De pronto, Madre pareció comprender que todo era un sueño. Volvió la cabeza de nuevo hacia adelante y relajó el cuerpo, pero la leve sonrisa quedó flotando alrededor de sus ojos.

—Me pregunto cómo se encontrará hoy la abuela —dijo.

Al se puso tenso al volante. El motor había empezado a vibrar ligeramente. Aumentó la velocidad y la vibración creció al tiempo. Retardó el encendido y escuchó y luego aceleró un momento y escuchó. La vibración creció hasta convertirse en un golpeteo metálico. Al tocó el claxon y sacó el coche de la carretera. Delante, el camión frenó y dio marcha atrás lentamente. Tres coches pasaron a toda velocidad, hacia el oeste, los tres hicieron sonar la bocina y el último conductor se inclinó hacia afuera y gritó: ¿Se creen que este es sitio para parar?

Tom acercó el camión, se bajó y se dirigió al turismo. Desde la parte trasera del cargado camión varias cabezas miraron hacia abajo. Al retardó el encendido y escuchó el motor al ralentí.

—¿Qué ocurre, Al? —preguntó Tom.

Al aceleró el motor.

—Escucha.

El golpeteo se hizo más audible.

Tom lo escuchó.

—Adelanta el encendido y sube el ralentí —dijo—. Él abrió el capó y metió la cabeza dentro.

—Ahora acelera —escuchó un segundo y luego cerró el capó.

—Sí, Al, creo que tienes razón —dijo.

—El cojinete de la biela, ¿verdad?

—Eso parece —dijo Tom.

—Le puse aceite en abundancia —protestó Al.

—Bueno, pues no le ha llegado.

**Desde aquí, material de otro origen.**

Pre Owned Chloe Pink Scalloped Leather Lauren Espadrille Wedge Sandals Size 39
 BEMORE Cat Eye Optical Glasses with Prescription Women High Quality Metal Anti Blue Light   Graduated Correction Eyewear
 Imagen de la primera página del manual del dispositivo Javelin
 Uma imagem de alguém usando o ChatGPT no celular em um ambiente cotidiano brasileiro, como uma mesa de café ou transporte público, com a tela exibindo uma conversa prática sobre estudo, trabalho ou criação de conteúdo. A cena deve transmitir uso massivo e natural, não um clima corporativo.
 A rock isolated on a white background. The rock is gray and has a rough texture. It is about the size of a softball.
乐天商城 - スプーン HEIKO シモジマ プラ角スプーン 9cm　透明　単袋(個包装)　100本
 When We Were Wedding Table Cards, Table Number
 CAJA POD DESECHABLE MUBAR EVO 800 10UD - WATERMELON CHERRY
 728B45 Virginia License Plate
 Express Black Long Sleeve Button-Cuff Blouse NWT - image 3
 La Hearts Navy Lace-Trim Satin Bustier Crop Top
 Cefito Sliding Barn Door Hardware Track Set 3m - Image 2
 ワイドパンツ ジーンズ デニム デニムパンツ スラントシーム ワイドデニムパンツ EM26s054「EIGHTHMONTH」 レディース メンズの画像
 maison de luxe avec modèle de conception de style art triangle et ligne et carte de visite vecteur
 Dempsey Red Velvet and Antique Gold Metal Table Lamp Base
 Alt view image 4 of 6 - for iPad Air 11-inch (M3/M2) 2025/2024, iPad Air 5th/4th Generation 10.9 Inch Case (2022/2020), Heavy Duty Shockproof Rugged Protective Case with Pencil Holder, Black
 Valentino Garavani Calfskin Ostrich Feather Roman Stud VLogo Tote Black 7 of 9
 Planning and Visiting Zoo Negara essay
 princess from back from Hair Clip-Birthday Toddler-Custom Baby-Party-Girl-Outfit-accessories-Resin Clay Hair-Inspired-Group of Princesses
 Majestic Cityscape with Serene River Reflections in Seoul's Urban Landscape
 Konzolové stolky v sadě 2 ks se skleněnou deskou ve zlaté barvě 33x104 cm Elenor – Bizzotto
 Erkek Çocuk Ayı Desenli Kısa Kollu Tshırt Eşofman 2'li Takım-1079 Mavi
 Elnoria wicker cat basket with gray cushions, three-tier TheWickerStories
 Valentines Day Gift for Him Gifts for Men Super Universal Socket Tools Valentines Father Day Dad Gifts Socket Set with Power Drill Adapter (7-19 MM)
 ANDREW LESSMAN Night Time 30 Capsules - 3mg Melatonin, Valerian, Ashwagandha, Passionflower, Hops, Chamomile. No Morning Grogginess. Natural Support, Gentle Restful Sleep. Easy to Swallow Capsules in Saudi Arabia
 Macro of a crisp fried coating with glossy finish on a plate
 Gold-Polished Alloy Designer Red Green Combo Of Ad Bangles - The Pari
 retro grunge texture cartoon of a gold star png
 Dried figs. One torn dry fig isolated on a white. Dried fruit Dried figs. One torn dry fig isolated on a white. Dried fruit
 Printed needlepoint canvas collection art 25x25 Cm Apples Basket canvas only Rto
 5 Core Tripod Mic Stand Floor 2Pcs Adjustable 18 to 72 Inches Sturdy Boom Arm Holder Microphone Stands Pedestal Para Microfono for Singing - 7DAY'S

Ahora está más seco que una mona. Mira, lo único que se puede hacer es sacarla. Yo voy a seguir un poco hasta encontrar algún lugar llano donde acampar. Tú sígueme muy despacio. Que no se vaya a romper el cárter.

—¿Es serio? —preguntó Wilson.

—Mucho —respondió Tom y, tras subir al camión, se puso en marcha y avanzó lentamente.

—No sé por qué se ha salido —dijo Al—. Yo le puse bien de aceite —Al sabía que la culpa era suya. Sintió que les había fallado.

—No ha sido culpa tuya —dijo Madre—. Tú lo has hecho todo bien —y luego preguntó un poco tímidamente—: ¿Es de verdad tan grave?

—Bueno, es difícil sacarla y necesitamos una biela nueva o un antifriccionante para esta —lanzó un profundo suspiro—. Te aseguro que me alegro de que Tom esté aquí. Yo nunca he ajustado un cojinete. Espero que Tom lo haya hecho.

Había junto a la carretera un enorme cartel de anuncio rojo, un poco más adelante, que proyectaba una gran sombra rectangular. Tom desvió el camión, salió de la carretera y pasó la cuneta, poco profunda y se estacionó a la sombra. Bajó y esperó que llegara Al.